Having determined that ileal microbiota was altered by inhaled ammonia exposure and correlated with tracheal inflammation, we next sought to determine whether the intestinal microbiota play a causal role in the pathogenesis of ammonia induced tracheal injury. To accomplish this, we compared the effects of inhaled ammonia exposure in broiler with conventional microbiota and experimentally manipulated microbiota, using broad antibiotics. As shown in Fig. 5, local necrosis and abscission of epithelial cells were observed; There was diffuse infiltration of inflammatory cells in lamina propria in the group of inhale ammonia exposure treatment (Fig.5A), however, the histological structure was normal and no obvious pathological changes were found in the group of antibiotic treatment under inhaled ammonia exposure (Fig.5B). This result indicated antibiotic treatment reduces ammonia-induced tracheal injury. In addition, the concentrations of TLR4, TNF-α, IL-10 were reduced in the group of antibiotic treatment (P < 0.05; Fig.5C).

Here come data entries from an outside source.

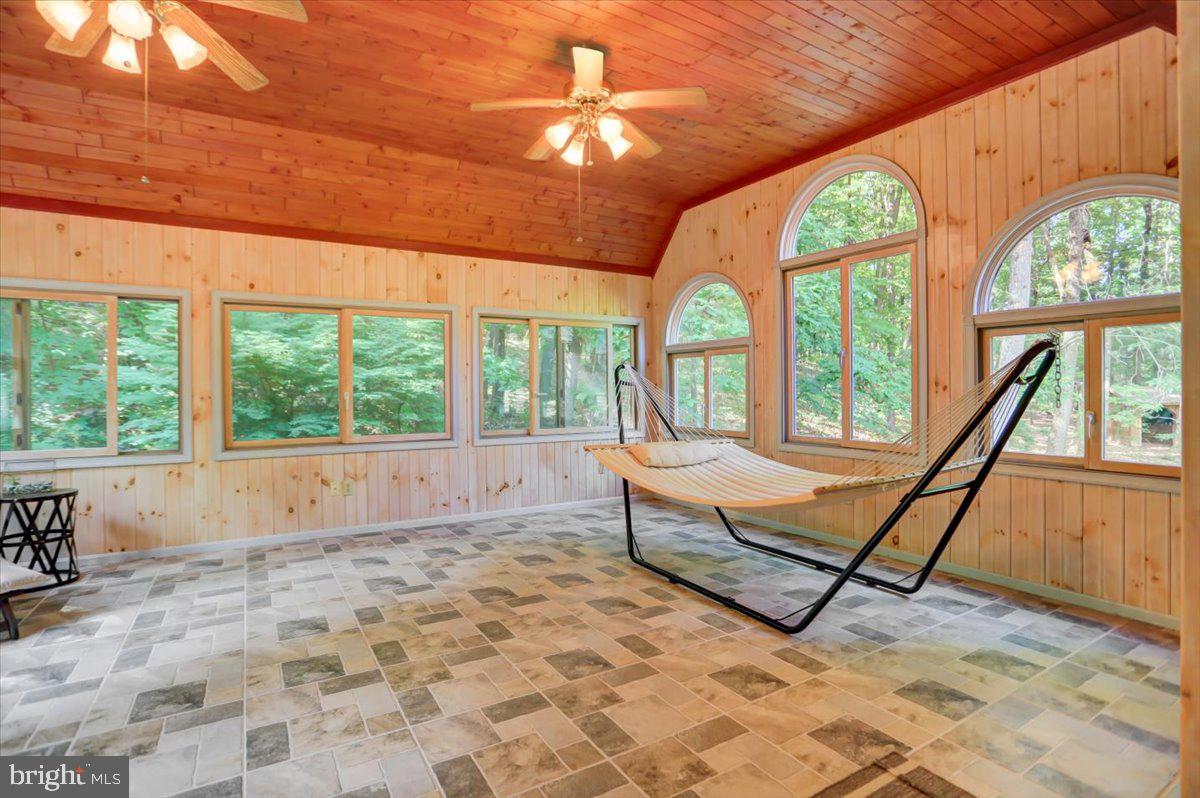 304 High Mountain Road Shippensburg, PA 17257 - Photo 17 of 51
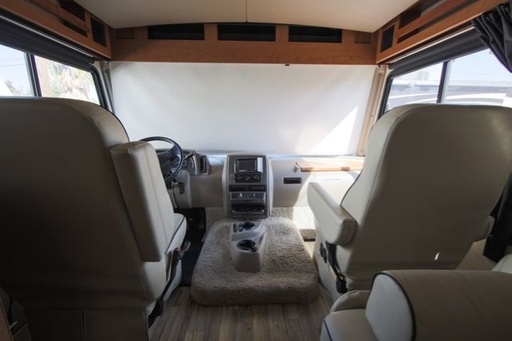 2017 Winnebago Vista 31BE Class A Motorhome for rent in El Cajon, CA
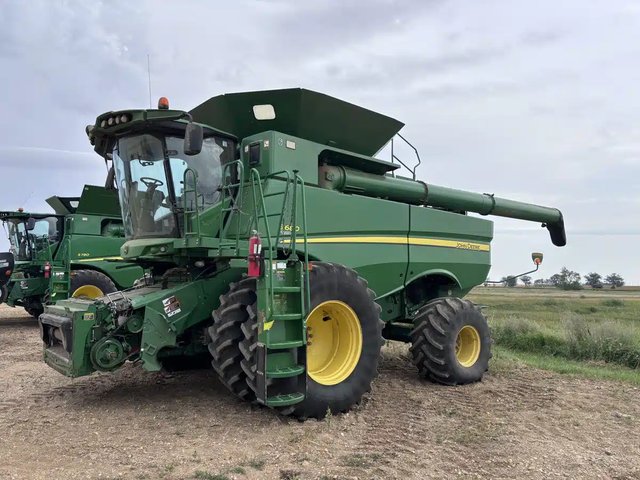 2015 John Deere S680 Batteuse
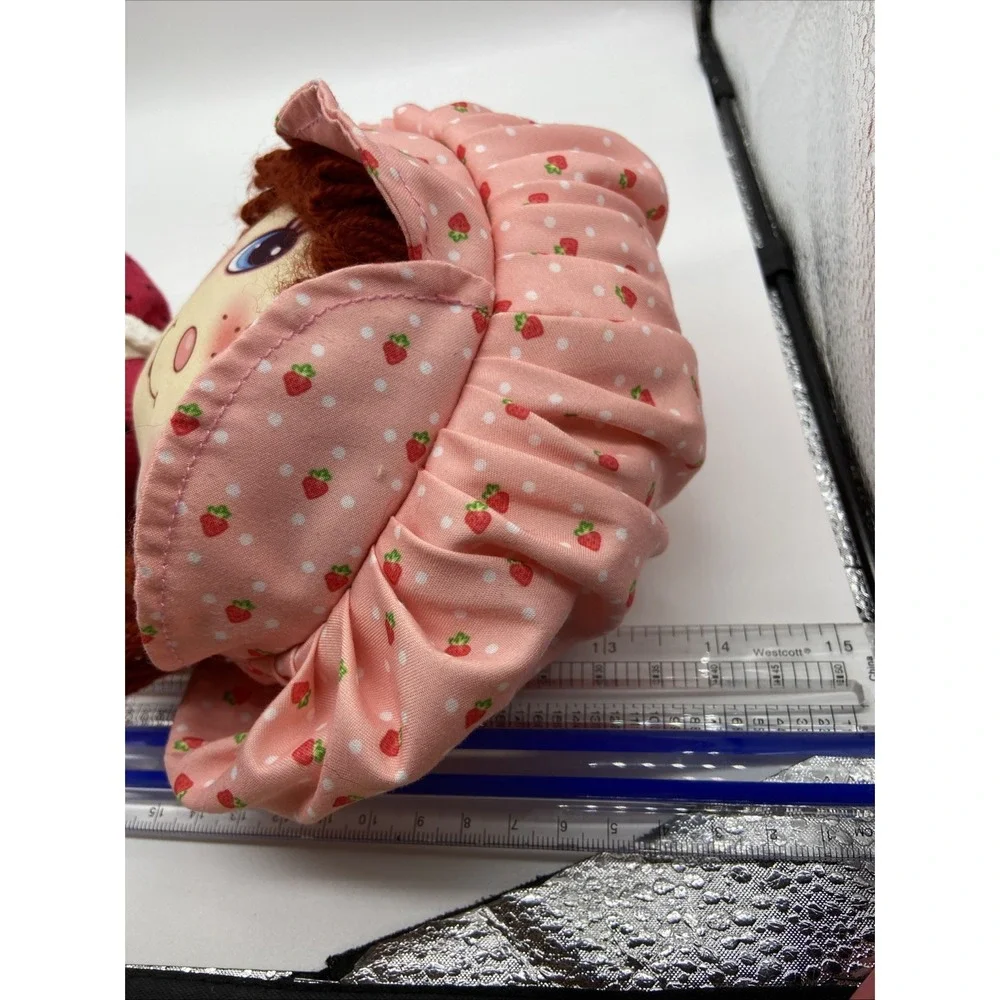 Basic Fun Strawberry Shortcake Plush Rag Doll 2021 Classic Style Red Yarn‎ Hair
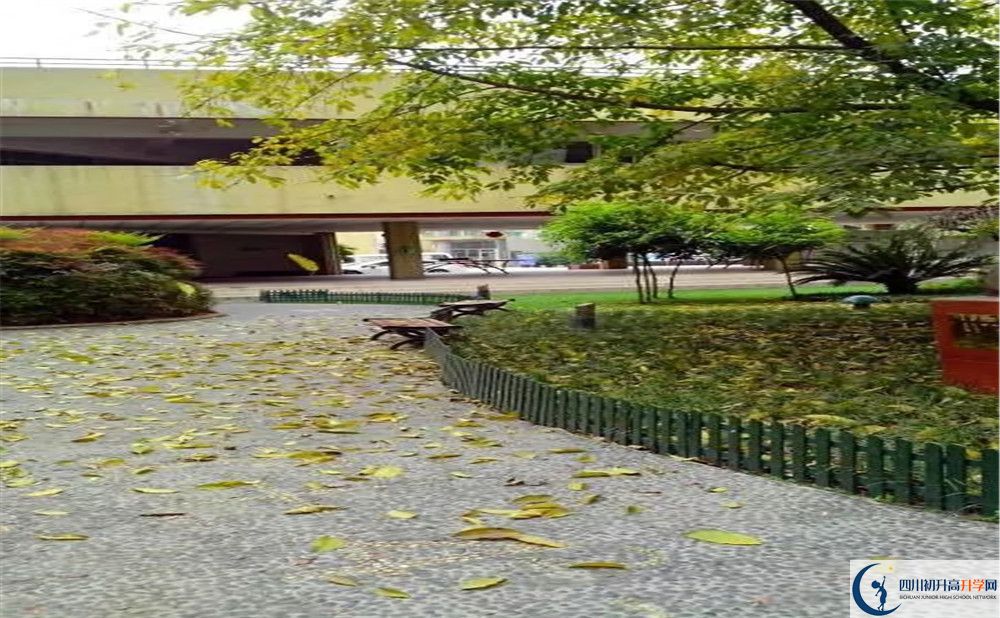 四川師范大學(xué)附屬第三實驗中學(xué)在全國高中排名多少？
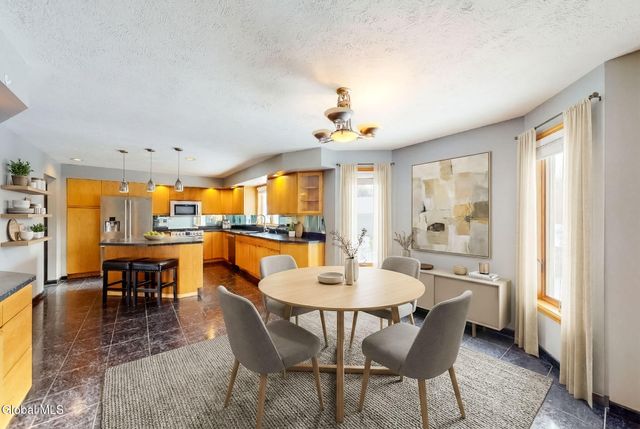 7 Theresa Ann Court, Colonie, NY 12205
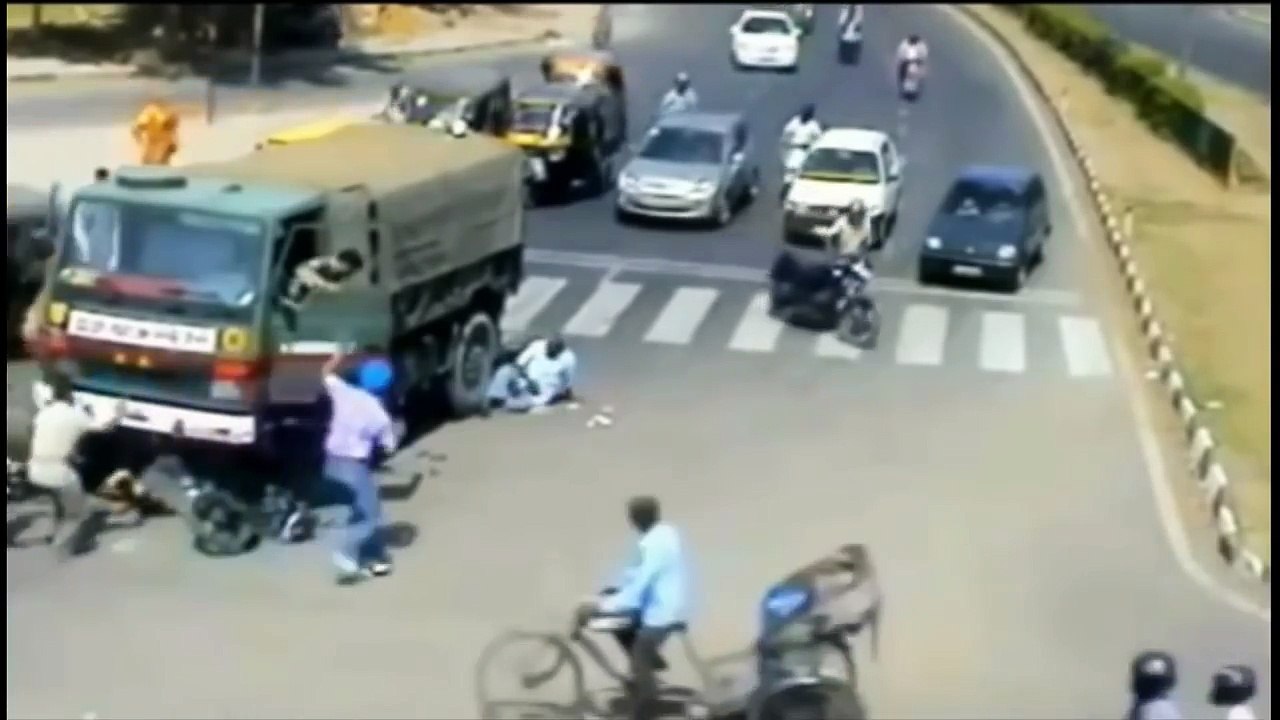most dangerous road accident in the world 2016 video Dailymotion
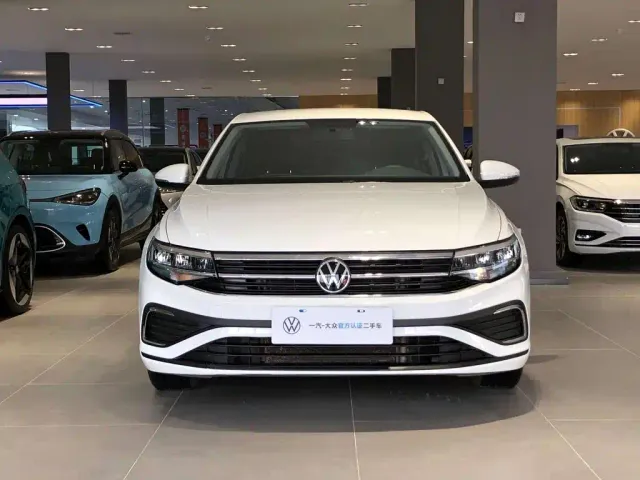 Volkswagen Bora — Фото автомобиля 2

In addition, we also investigated the tracheal microbiota between the antibiotic treatment and ammonia exposure group, and found that antibiotic treatment significantly decreased the relative abundance of [Ruminococcus]_torques_group, Faecalibacterium, unclassified_f_Lachnospiraceae, etc in the trachea (Fig. 5D). This result further indicated tracheal microbiota and ileal microbiota were cross-talk under inhaled ammonia exposure, which might be communicated by changing the relative abundance of some bacteria such as [Ruminococcus]_torques_group, Faecalibacterium, unclassified_f_Lachnospiraceae in the two parts.